A 15h15 cet après-midi, la Commission présentera également son mécanisme de transparence donnant “l’obligation pour tout laboratoire situé dans l’UE d’informer le pays où il se trouve sur les exportations de vaccins anti-Covid-19 qu’il compte réaliser, le nombre de doses et la destination” , informe La Libre. “Les autorités douanières concernées auront alors la responsabilité d’évaluer, sur base de certains critères (qui seront déterminés ce vendredi), si ces exportations ne contreviennent pas aux contrats d’achat de l’UE. Si c’est le cas, les autorités nationales consulteraient la Commission avant de décider éventuellement d’interdire ces exportations” , explique le quotidien. Pour Les Echos, si l’UE ne va donc pas “stricto sensu interdire les exportations, […] elle veut s’offrir la possibilité d’en bloquer si elle estime qu’elles se font au détriment des propres livraisons qui lui ont été promises” .

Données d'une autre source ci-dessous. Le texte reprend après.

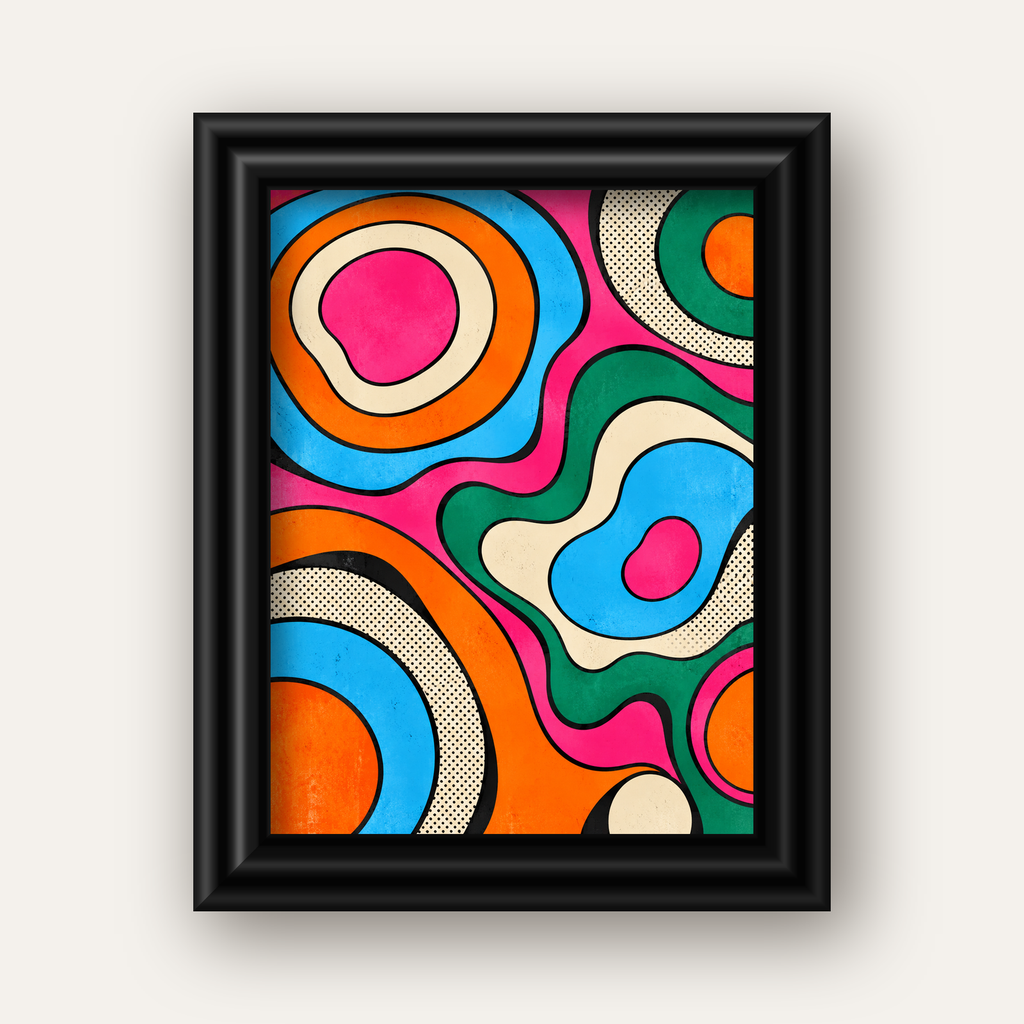 Renkli Soyut Dalgalar Pop Art Poster - Modern Duvar Dekoru — siyah galeri çerçeveli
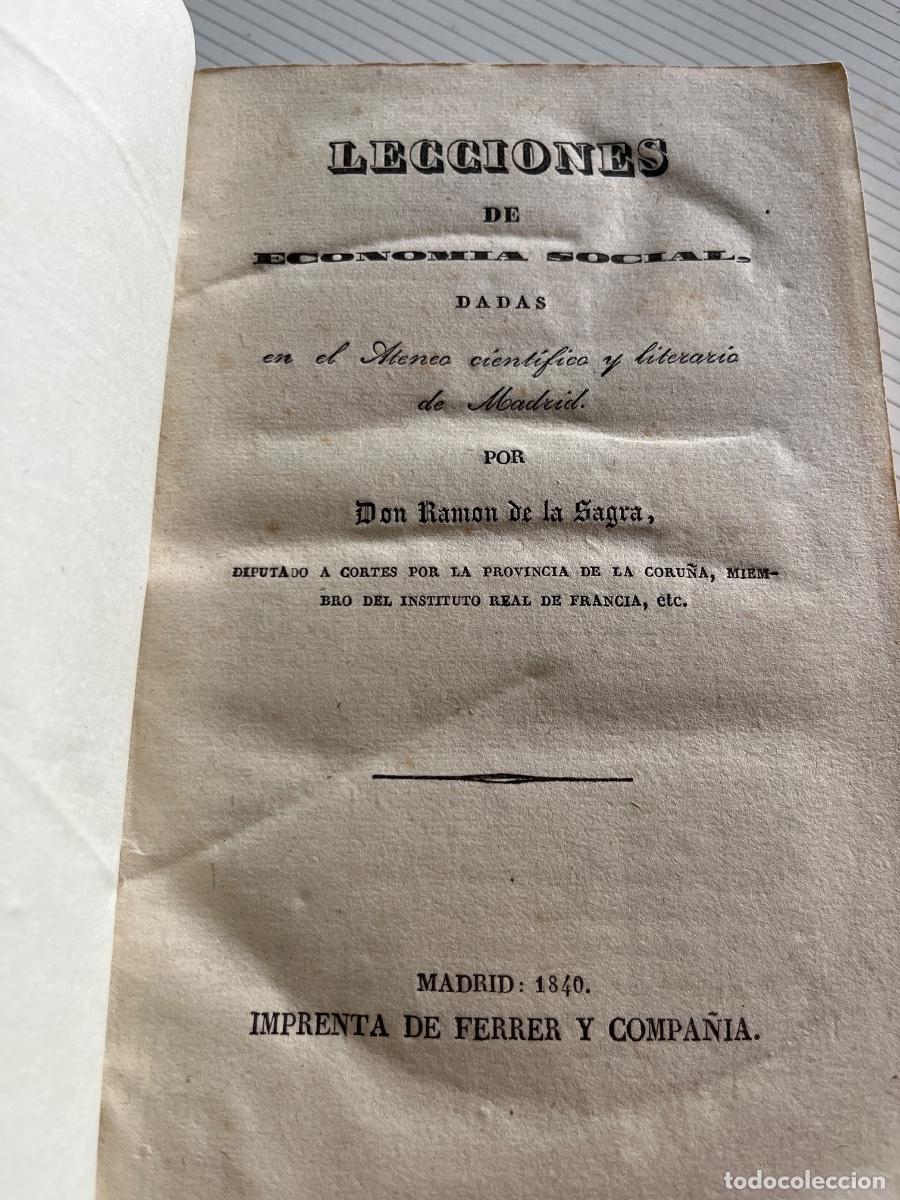 Libros de segunda mano: Lecciones de Econom&iacute;a Social dadas por D. Ram&oacute;n de la Sagra en el Ateneo de Madrid, 1840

Défendre l’intérêt de l’UE

“Le pataquès en cours avec AstraZeneca aura au moins servi de leçon à une UE qui ne veut plus être prise en flagrant délit de naïveté” , poursuit le quotidien économique. “Vue comme trop peu active au début de la crise sanitaire, alors que les questions de santé ne font pas partie de ses prérogatives, l’UE joue une partie de sa crédibilité sur les vaccins. Elle doit montrer que jouer groupé, c’est jouer gagnant” , écrit 20 Minutes. En effet, face aux difficultés rencontrées dans l’approvisionnement des vaccins, certains gouvernements, comme celui de Pedro Sánchez en Espagne, “commencent à exprimer leur mécontentement et tiennent la Commission pour responsable des retards dans le déploiement des vaccins” , rapporte Politico.

Pour reprendre la main sur la situation, la présidente de la Commission européenne Ursula von der Leyen rencontrera dimanche après-midi les PDG des laboratoires avec lesquels l’UE a signé des accords de préachat de vaccins. “L’objectif est d’examiner comment combiner les efforts des secteurs public et privé pour prendre de l’avance dans la stratégie vaccinale de l’UE et être prêt à faire face aux nouveaux variants du coronavirus ainsi qu’à toute prochaine ‘menace de type pandémique’ ” , selon un fonctionnaire européen cité par Politico.